O art. 12.6 e o art. 18 da Convenção de Palermo e o art. 46.8 da Convenção de Mérida não deixam dúvidas de que o sigilo bancário não pode ser uma justificativa para impedir a coordenação entre os órgãos de prevenção, controle e persecução criminal, nem a cooperação internacional.

Entre as medidas para combater a lavagem de dinheiro, o art. 7º.1.b da Convenção de Palermo determina que cada Estado Parte deve garantir que “as autoridades responsáveis pela administração, regulamentação, detecção e repressão e outras autoridades responsáveis pelo combate à lavagem de dinheiro (incluindo, quando tal esteja previsto no seu direito interno, as autoridades judiciais), tenham a capacidade de cooperar e trocar informações em âmbito nacional e internacional, em conformidade com as condições prescritas no direito interno, e, para esse fim, considerará a possibilidade de criar um serviço de informação financeira que funcione como centro nacional de coleta, análise e difusão de informação relativa a eventuais atividades de lavagem de dinheiro”. Esse dispositivo corresponde ao art. 14.1.b da Convenção de Mérida.

Este importante tratado anticorrupção prevê em seu art. 40 que cada Estado Parte velará para que, no caso de investigações criminais nacionais de delitos previstos na Convenção, “existam em seu ordenamento jurídico interno mecanismos apropriados para eliminar qualquer obstáculo que possa surgir como conseqüência da aplicação da legislação relativa ao sigilo bancário.” A decisão do ministro Dias Toffoli segue o caminho oposto.

Os casos já julgados no STJ e no próprio STF deram a interpretação adequada ao sistema normativo vigente, protegendo os interesses da sociedade (em prol de comunicações rápidas e úteis) e o direito de privacidade dos cidadãos investigados, pois, na justa medida, exige-se a quebra judicial de sigilo bancário para que o MP ou a Polícia tenham acesso ao detalhamento dos dados mencionados no relatório do COAF, mas após receber o informe preliminar (o RIF), e não antes. Ou seja, o alerta do COAF por meio do RIF está para o MP assim como a anotação negativa de crédito do SERASA está para o empresário ou para o comerciante. É um sinal de que algo está errado. Se o MP quiser obter os dados completos – o detalhamento do RIF e a documentação bancária que o embasa –, deverá pedir autorização judicial.

8. Conclusão

Seja qual for o ponto sujeito a análise, a decisão de Dias Toffoli é:

(i) irrazoável e injustificável, quanto à extensão, porque atinge incontáveis investigações e processos penais em curso, sem razão de ser;

(ii) inoportuna, quanto ao tempo, porque adotada em período de recesso da Corte, mesmo após mais de 21 anos de vigência do sistema atual;

(iii) incongruente, quanto à segurança jurídica, porque contraria a jurisprudência dos tribunais superiores, inclusive do próprio STF;

(iv) ilegal, quanto ao conteúdo, porque não tem base no direito brasileiro, conforme se vê na Lei Complementar 105/2001 e na Lei 9.613/1998; e

(v) também incompatível com a ordem jurídica, pois viola importantes compromissos internacionais do Brasil.

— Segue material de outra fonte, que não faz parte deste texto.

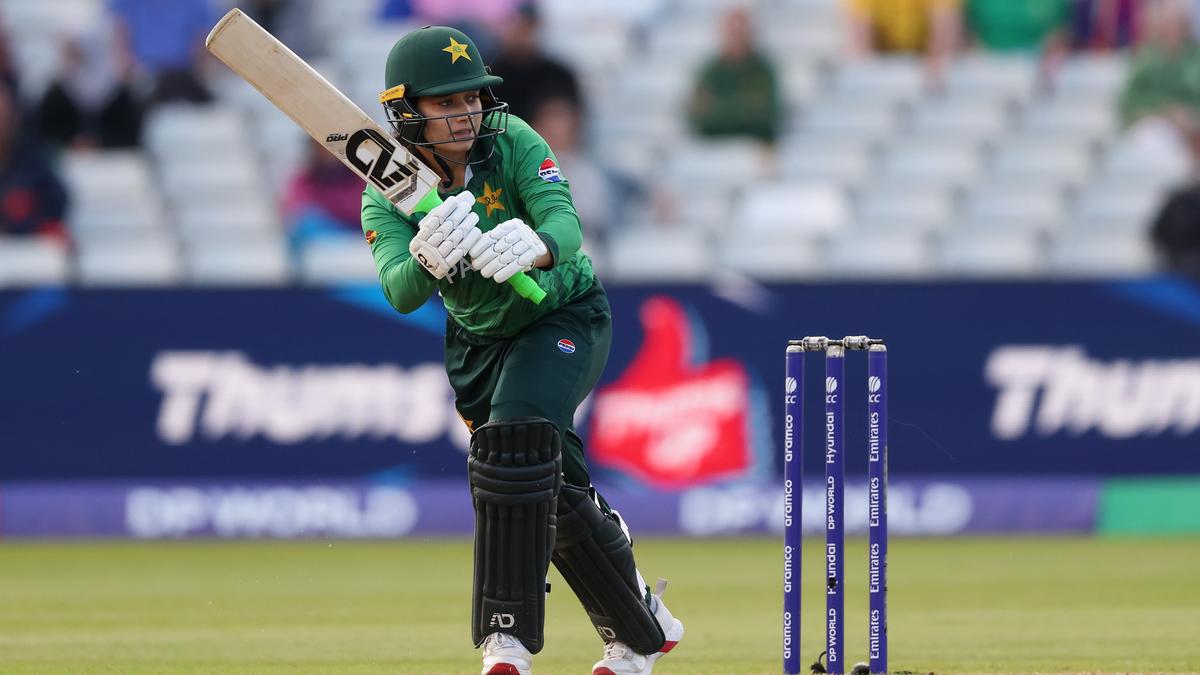 Hundred 2027: Birmingham Phoenix anuncia a Fatima Sana como marcador de posición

Obviamente, uma medida assim põe o COAF de recesso e torna o Brasil uma praça mais atraente, não para investidores legítimos, e um país mais seguro, mas não para os turistas que nos visitam.

Insegurança jurídica nas questões criminais, pervasividade do sistema financeiro à lavagem de dinheiro e ao financiamento do terrorismo nos fluxos econômicos regulares, falta de governança contra a corrupção em escala local e nacional, estruturas corporativas com compliance deficiente, inobservância dos padrões globais fixados por organismos especializados, e escasso rigor no enforcement das leis penais são fatores que atraem criminosos de todo o tipo e de toda a parte. A extemporânea decisão do presidente da Suprema Corte brasileira não melhora o respeito à Constituição. Na verdade, desprotege todos nós.

[Artigo originalmente publicado no JOTA, em 19 de julho de 2019].